→ Work instruction: Each line in the listing below that contains "Dynamo" should be returned.

→ Dataset content:
──────────────────────────────

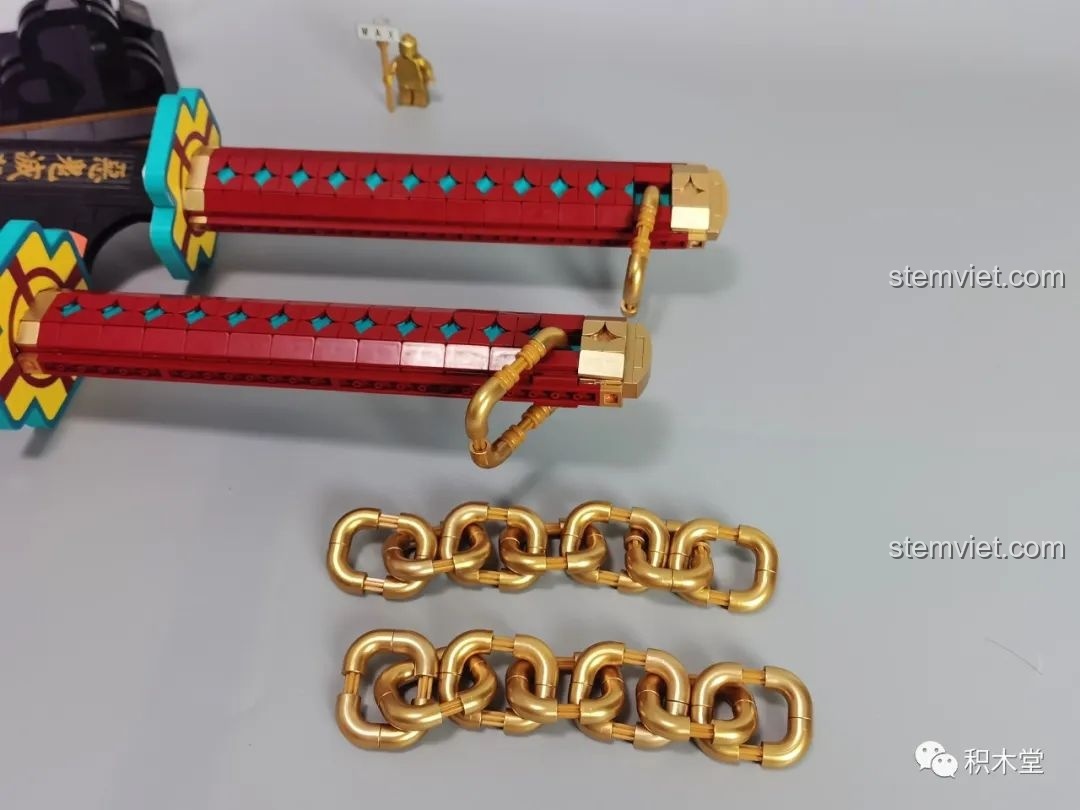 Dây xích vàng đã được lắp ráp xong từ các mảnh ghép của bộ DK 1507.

──────────────────────────────

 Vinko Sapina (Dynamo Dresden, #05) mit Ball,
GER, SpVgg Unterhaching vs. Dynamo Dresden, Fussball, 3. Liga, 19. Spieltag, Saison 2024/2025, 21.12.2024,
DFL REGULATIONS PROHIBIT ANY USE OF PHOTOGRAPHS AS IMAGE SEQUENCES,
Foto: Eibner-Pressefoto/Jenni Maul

──────────────────────────────

→ Result for this task:
 Vinko Sapina (Dynamo Dresden, #05) mit Ball,
GER, SpVgg Unterhaching vs. Dynamo Dresden, Fussball, 3. Liga, 19. Spieltag, Saison 2024/2025, 21.12.2024,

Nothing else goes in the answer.